Just out of curiosity, what exactly was so unbelievably unfair about this? It is a commonly accepted principle that one year is the ideal minimum tenure for professional jobs. A lot of people find themselves in jobs they don’t enjoy, but practical wisdom says to stick it out for a year, and then look for something else. Being told that you would be considered for a (fairly significant, it seems) promotion one year after being hired into an entry level job is more than fair; it’s downright generous.
Speaking of generous, you said your employer sponsored health insurance included $0 premiums and $20 copays. Your entire article drips, oozes, and gushes entitlement, naïveté and ignorance, so I’ll go out on a limb here and assume you don’t fully understand how valuable that is — it’s extremely valuable, and pretty (no, very) unusual for an entry-level hourly job. That “free” insurance is not free for your employer; they are shelling out between $400 and $800 every month for it.
To give you some perspective, I work a mid-level professional job (that I have held for over a year, because you know, it’s what you do) and my paychecks are actually not very much bigger than yours, partly because my health insurance premiums are $200 a month. And $20 copays? Try copays ranging up to $200, with a significant deductible. You had a very, very good thing going insurance-wise at Yelp. Had. Too bad you took the websocial nuclear option before bothering to research your own complaints.
You wrote a lot in your article about the cost of your rent, the cost of transportation, the cost of food, and the inadequacy of your paychecks to cover those costs. It’s pretty obvious that a lot of your claims are exaggerated, but I don’t have a problem believing that you’re finding it hard to subsist on entry-level pay in the Bay Area. (Exaggerated why? Well, there are about 1,600 calories in a pound of rice. If ten pounds of rice has sustained you, even marginally, for the last 6 months, your money problems are over, because I’m sure the Berkeley U. physics department will pay to put you up while they study your wholly unprecedented energy requirements, but I digress.)

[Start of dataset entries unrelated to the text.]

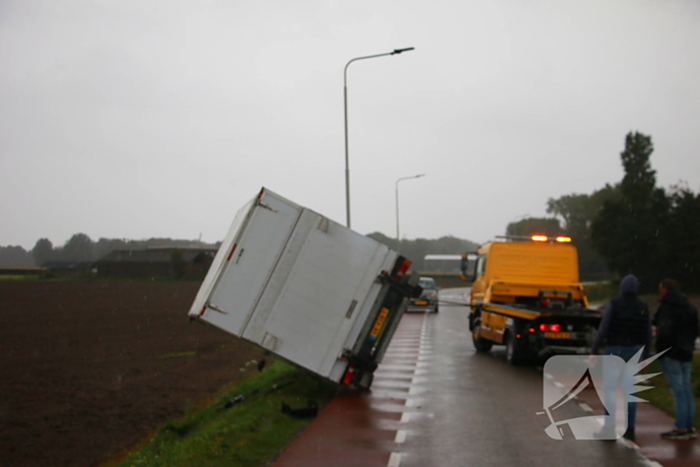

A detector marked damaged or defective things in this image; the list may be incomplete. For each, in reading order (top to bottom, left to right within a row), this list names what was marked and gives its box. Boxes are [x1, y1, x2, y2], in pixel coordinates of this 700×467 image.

overturned white truck [186, 188, 418, 390]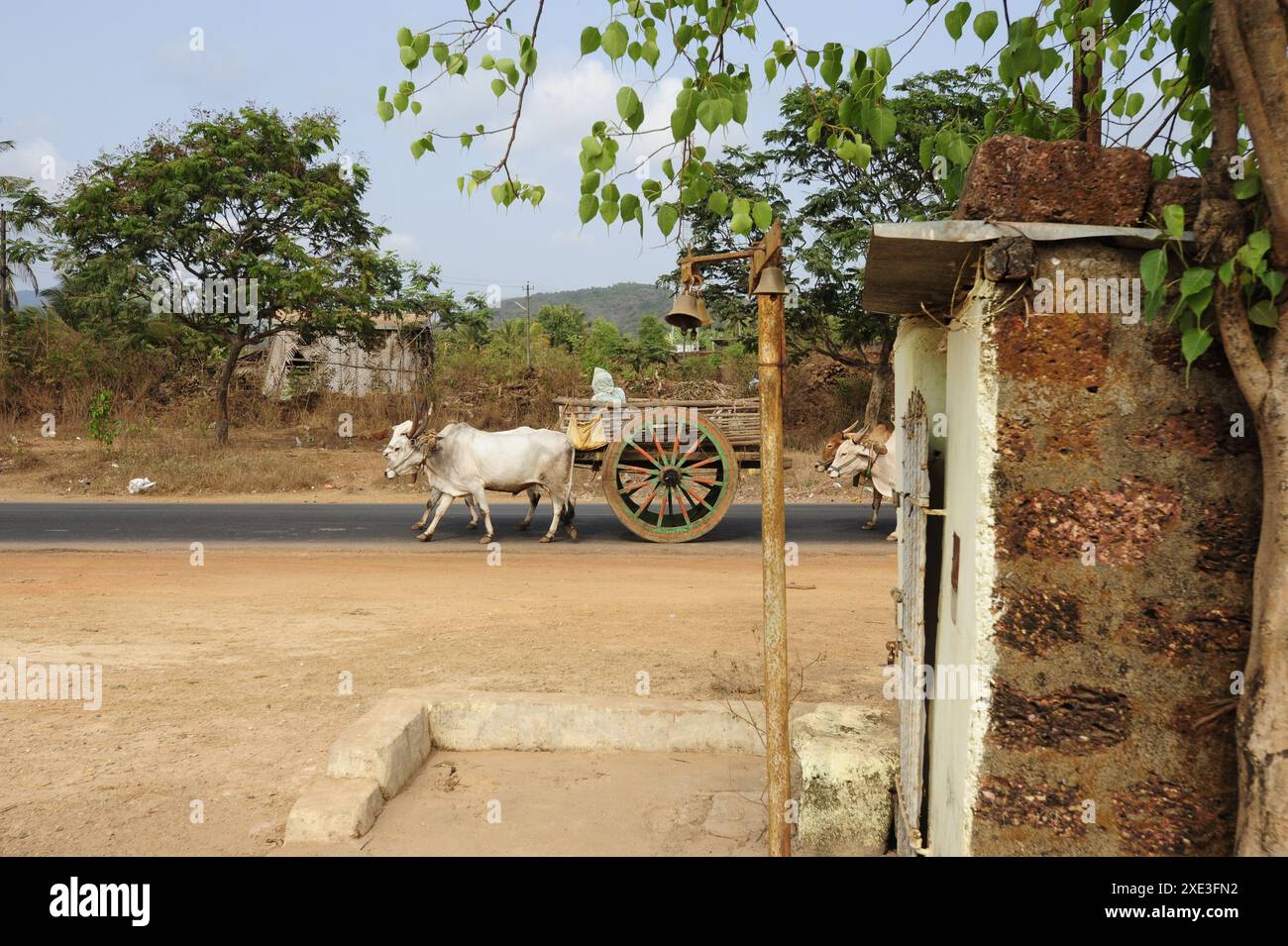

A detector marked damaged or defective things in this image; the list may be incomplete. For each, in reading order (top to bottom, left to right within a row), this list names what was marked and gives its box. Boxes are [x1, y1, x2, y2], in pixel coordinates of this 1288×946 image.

rusty metal pole [749, 246, 789, 860]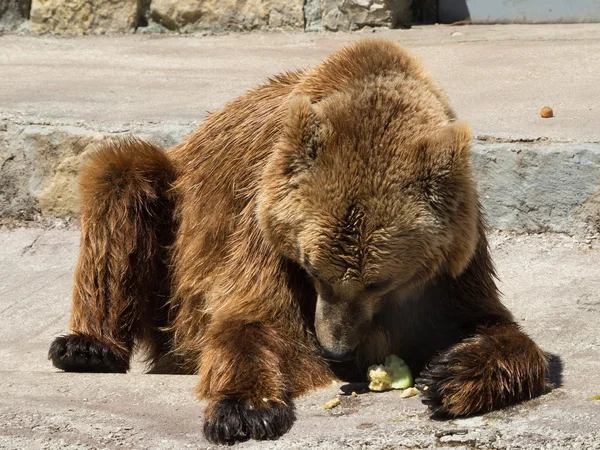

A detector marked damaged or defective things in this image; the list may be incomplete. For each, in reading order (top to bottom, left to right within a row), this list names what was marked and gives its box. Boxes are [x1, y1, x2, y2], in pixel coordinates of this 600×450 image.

cracked concrete surface [0, 230, 596, 448]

Here’s the thing (and sorry not sorry to sound like your grandmother; you and I are actually very close in age): You chose to accept Yelp’s job offer in full knowledge of what your hourly compensation would be. The fact that you maxed out a “shiny” new credit card to move cross-country for a job with inadequate wages is more an indictment of your own understanding of money management than Yelp’s pay structure.
Did Yelp provide you with extremely generous benefits? Yes. Did you benefit from the generous work-life perks that Yelp offers, including free on-site snacks and meals? Yes, and it sounds like you and your co-workers pretty effectively exploited those perks. Did your supervisor at Yelp treat you with an unusual degree of leniency, by not disciplining you for being late to work due to your own irresponsibility? It sure sounds like it. Did Yelp underpay you? Maybe. We can’t actually know that.
A few more questions:
Were you forced to accept Yelp’s offer of employment? No. Were you forced to move to the Bay Area? No. Were you forced to take on a single-tenant lease of an apartment in one of the most expensive cities in one of the most expensive states in the country? No. Were you forced to write this rancorous, unresearched, ill-informed screed, and post it in a public forum, where your boss was not only able but encouraged to read it? No.
Is Yelp responsible for your current situation? Most emphatically no.
My best advice to you is to grow up a bit. You had a good thing going, and you lost it through negligent mismanagement. That sucks.
My practical advice to you is to minimize your debt and expenses, learn how to economize, and expose yourself to some reliable professional development resources, to prevent yourself from making the same mistake again.
Move in with family if you cannot find a new job, and get a roommate (or two) if you can, since getting fired from your first entry-level job probably won’t win you a better-paid position. Sign up for ACA health insurance on Covered California (to replace your “free” private insurance with “free” public insurance.) Until you find paid employment, take your own advice and volunteer at a soup kitchen or food pantry when you aren’t busy applying for jobs; like Yelp, they often feed their workers on the job, and the experience might lend you some much-needed perspective. Most of all, for your own sake, use your newly-unoccupied hours to start figuring out how to better yourself.